Машина медленно поднималась по петлявшей между сосен дороге – и на третьем повороте Вайсгер-Холл предстал перед агентами ФБР во всем своем размахе. Кеннеди ожидал увидеть нечто большое и суперсовременное – замок озерного магната из пластика, стекла и бетона. И ошибся. Дом действительно был велик – а из-за множества флигелей и пристроек казался еще больше. Но материалом для возведения двухэтажного особняка послужило дерево – толстенные стволы мачтовых сосен. Хотя двухэтажным здание можно было считать лишь весьма условно и усредненно. Многочисленные его части располагались на разных уровнях холма, и порой крытая галерея соединяла первый этаж одного флигеля с третьим этажом другого.

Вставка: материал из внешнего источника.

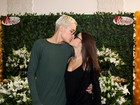 MC Gui beija a namorada em festa de aniversário do pai dele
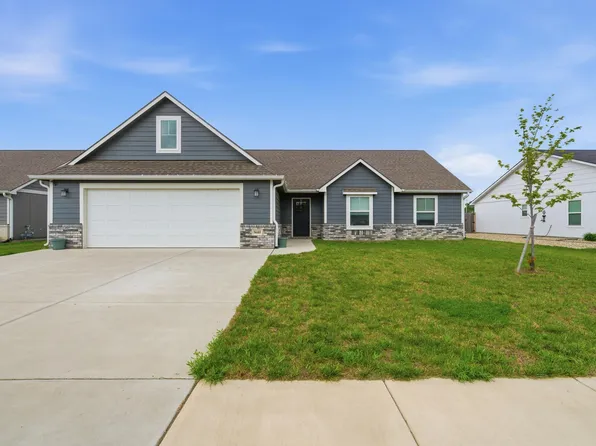 9685 Heather Ln, Manhattan, KS 66502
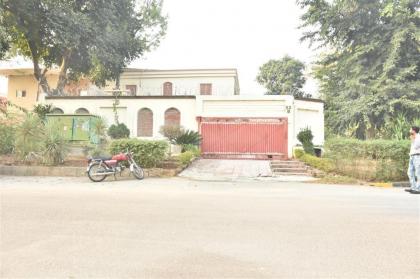 The Life House - image 2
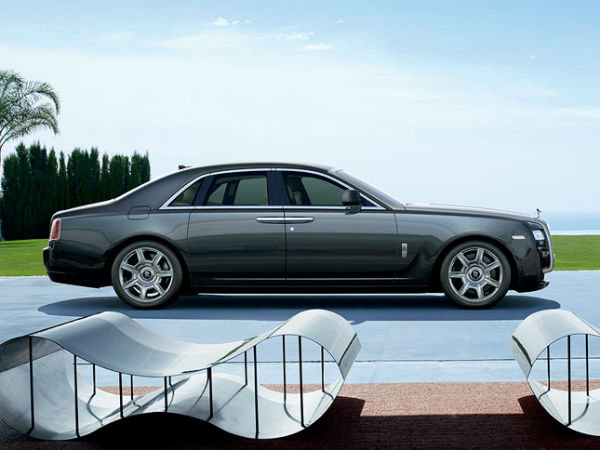 రోల్స్ రాయిస్ ఘోస్ట్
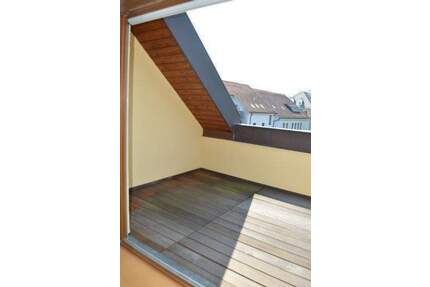 Gesuchte ruhige und wirklich sonnige Lage, in der Paul-Eber Str. nahe Bahnhof Kitzingen:-)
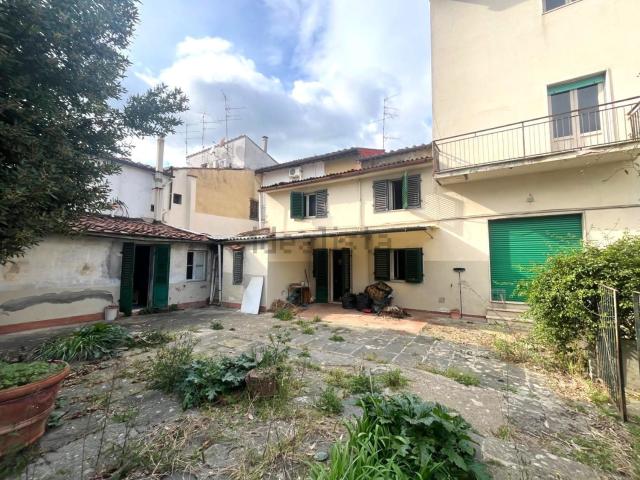 Appartamento in vendita di 220 m² in Via di Peretola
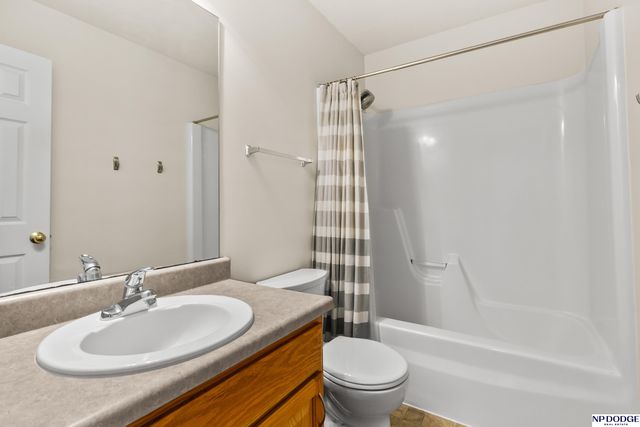 8919 Venice Lane, Lincoln, NE 68526
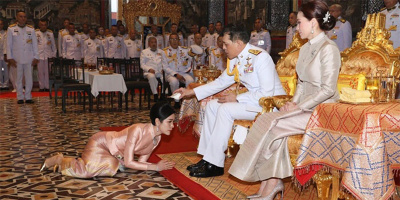 Hai Hoàng hậu Thái Lan cùng xuất hiện khiến công chúng xôn xao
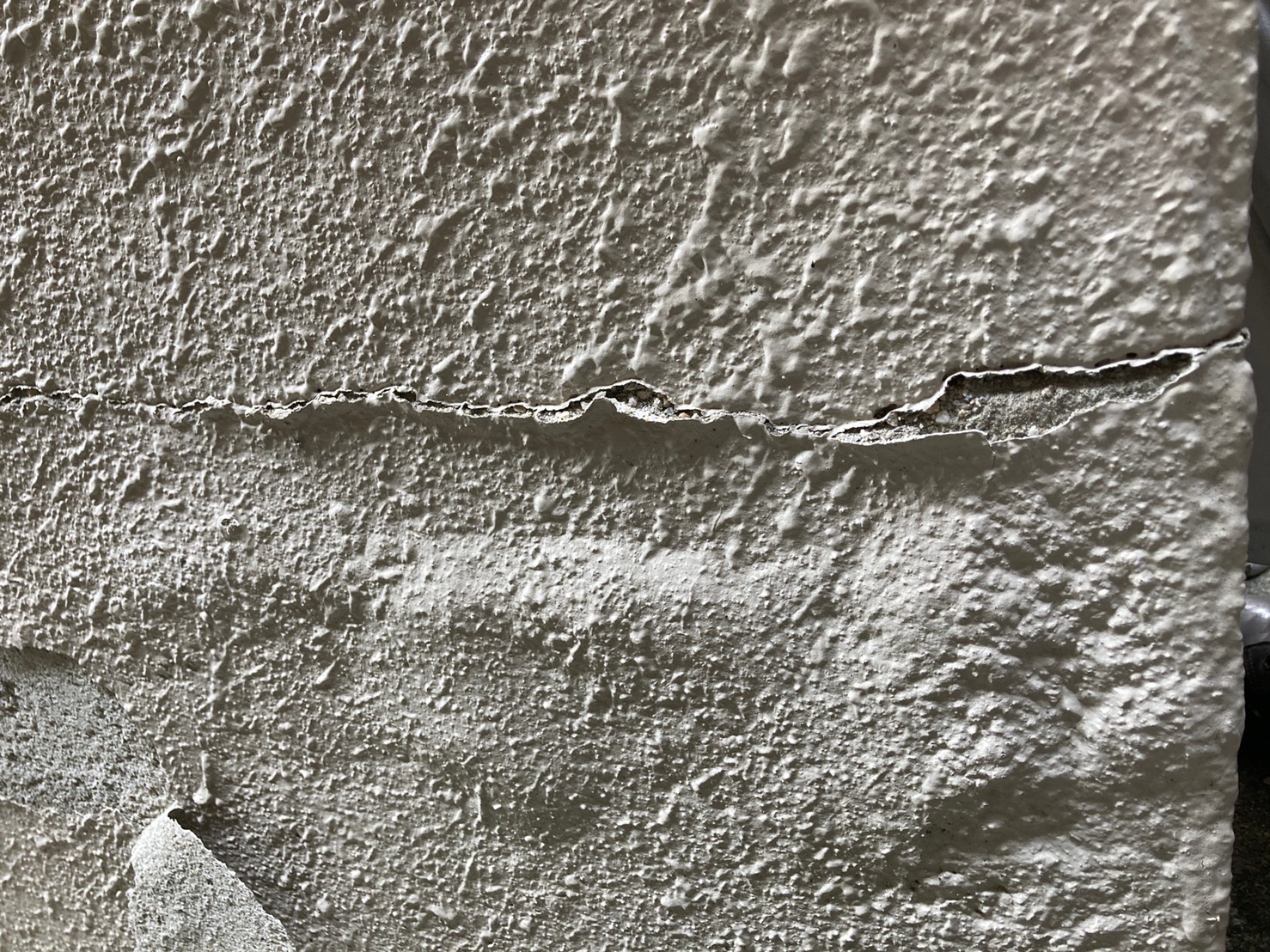 塗膜の膨らみ撤去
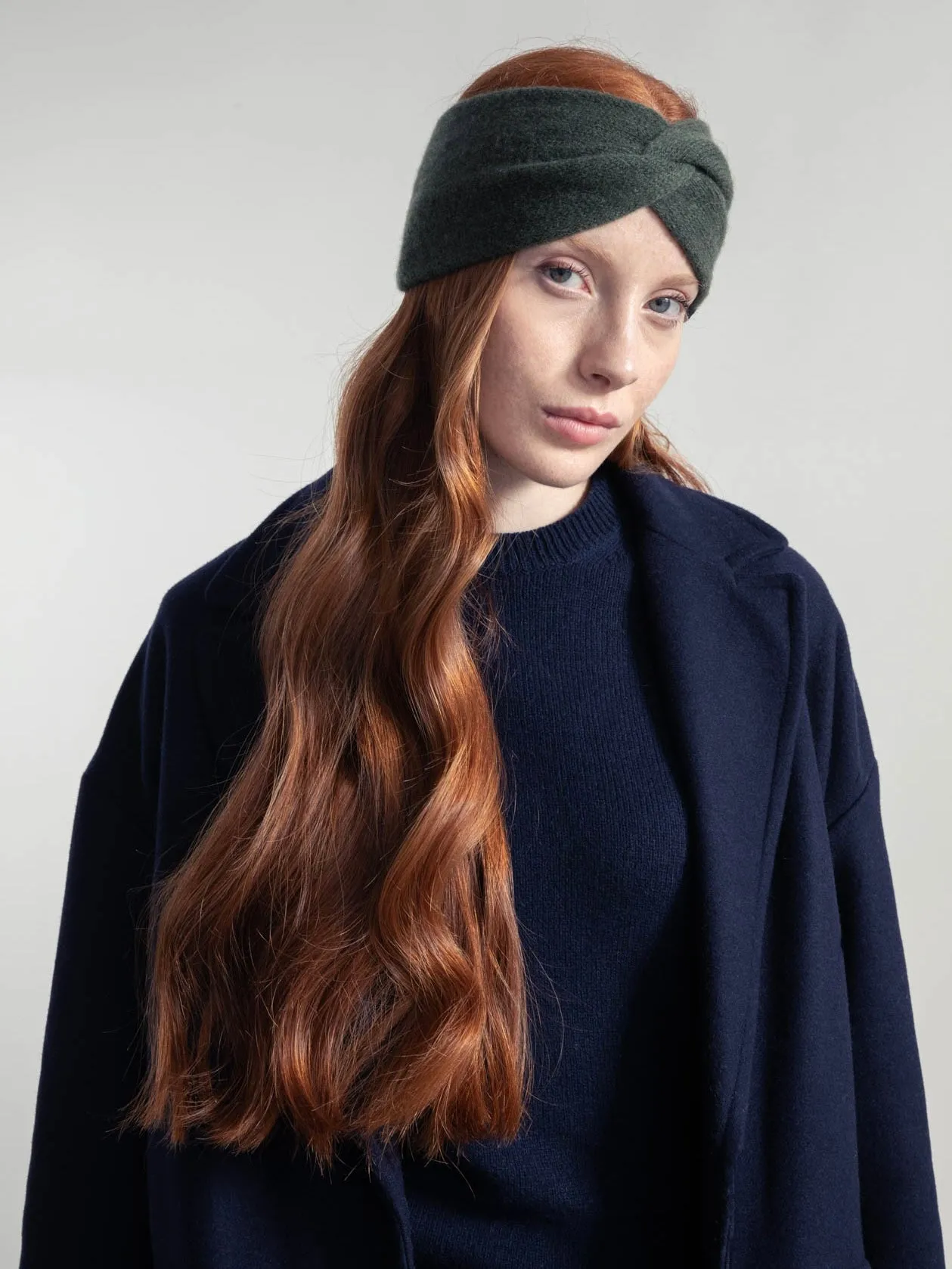 Nadia fascia per capelli in cashmere rigenerato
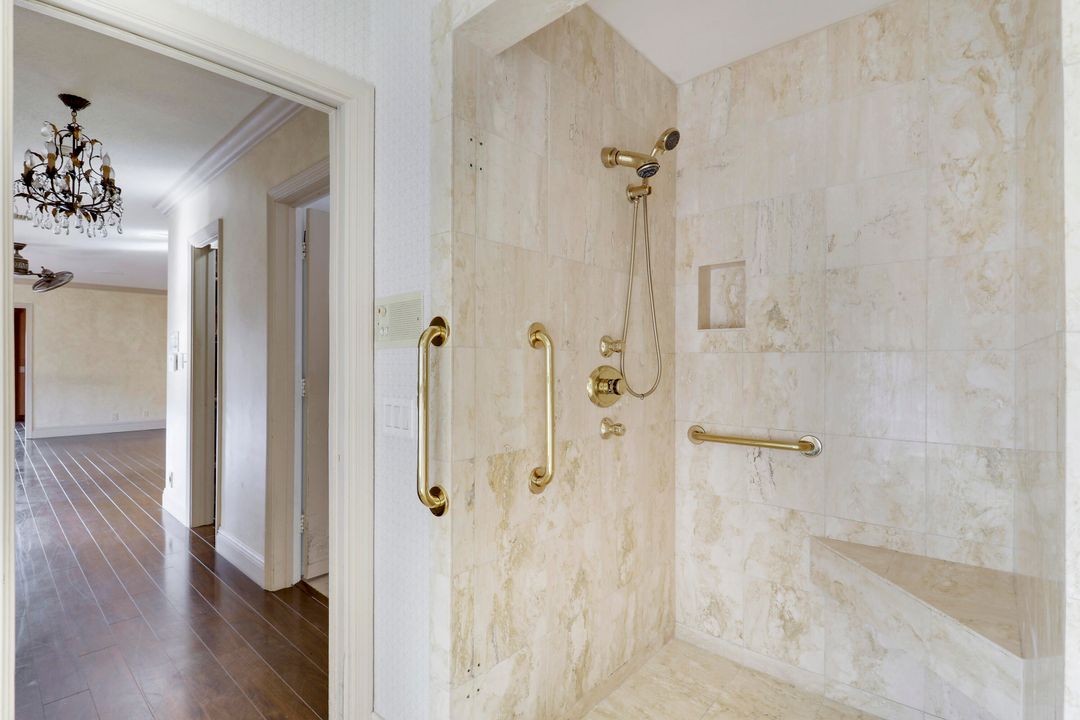 待售: $3,100,000 (4 贝兹, 3 浴室, 3921 平方英尺)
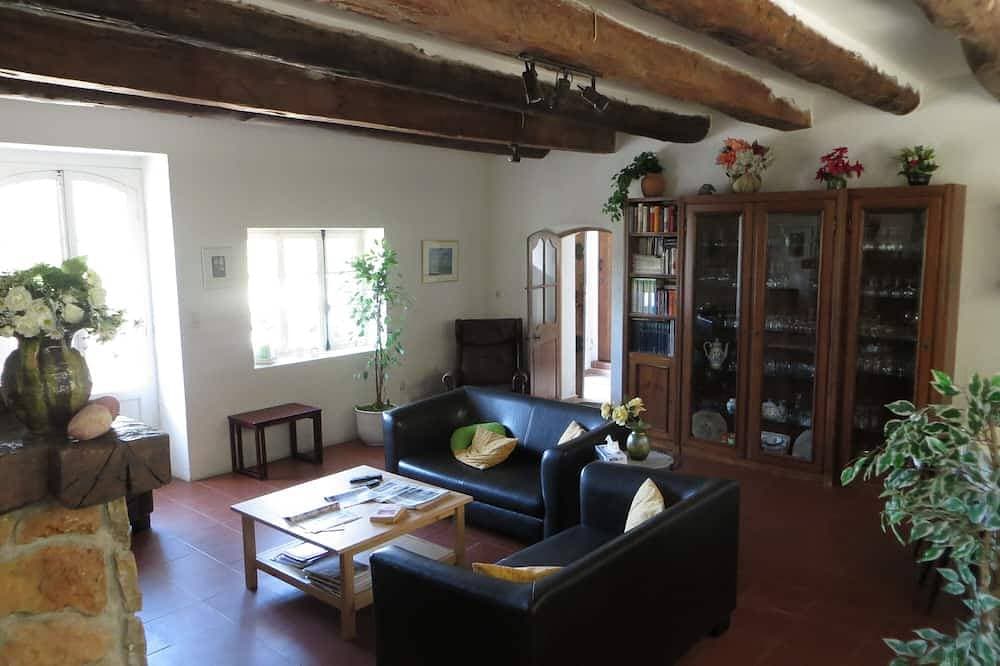 Foto 12 von 30: Großzügiges provencalisches Landhaus mit Pool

Стилизованные башенки и декоративный частокол (ничего не ограждавший) придавали резиденции Вайсгеров вид форта времен освоения Дикого Запада.
Впрочем, новейшие технологии не обошли стороной псевдо-архаичную постройку. Бревна, обработанные какой-то хитрой химией, выглядели свежими, срубленными не далее как в этом году – что, по мнению Элис, предпочитавшей настоящую и без приукрашиваний старину, отдавало дурновкусием.
Человека, спустившегося им навстречу, Кеннеди узнал сразу, хотя видел только на фотографиях. Тому недавно перевалило на седьмой десяток – но стройный и подтянутый, он выглядел на несколько лет моложе. На нем были потертые на коленях джинсы, легкие летние туфли и распахнутая на груди рубашка.
– Добро пожаловать, господа, – сказал он. – Меня зовут Вайсгер. Джон Вайсгер.
– Земли вокруг озера Трэйклейн тогда были пустынными, бросовыми и дешевыми, – тем временем говорил хозяин. – Но это было почти всё, что осталось у моего отца после Великой Депрессии. Я родился несколько лет спустя – и лишь по рассказам знаю, как медленно, шаг за шагом, Трэйклейн превращался в один из самых популярных курортов… Огромный, непредставимый труд – а теперь кое-какие ублюдки пытаются лишить меня всего этого.
Вайсгер вздохнул, обвел печальным взглядом стены кабинета – развешанные на деревянных панелях головы зверей и чучела рекордных рыб, фотографии в резных деревянных рамках, стоящие на полочках кубки, выигранные в неведомо каких соревнованиях… Вздохнул еще раз, словно пресловутые ублюдки уже стояли за дверью, готовые ворваться в дом и лишить хозяина милых его сердцу сувениров.
– Вы имеете в виду кого-то конкретного? – осторожно спросил Кеннеди.
– Естественно! Вы хотите сказать, что не знаете, на кого работает ваш приятель Хэммет? Я вычислил это, как дважды два четыре.
– Насколько я знаю, Хэммет работает на полицию штата.
– Не только. Смотрите… – Вайсгер быстрыми шагами подошел к карте. – Считается, что все берега озера и окрестные земли принадлежат мне, но это не совсем так. Вот этот, этот и этот обширнейшие участки на северном берегу отец продал еще в тридцатых годах – он нуждался в стартовом капитале для создания курорта. Возможно, лет двадцать спустя он мог бы их выкупить – но не стал. Инфраструктура округа Трэйк уже сформировалась, места для воплощения всех задумок отца хватило – подводить дороги, линии электропередач и связи к дальним северным берегам, в обход многочисленных бухт, казалось невыгодным и ненужным. Земли остались невыкупленными. Как выяснилось, это была ошибка. Трагическая ошибка.
– 89-я федеральная трасса? – высказал догадку Кеннеди.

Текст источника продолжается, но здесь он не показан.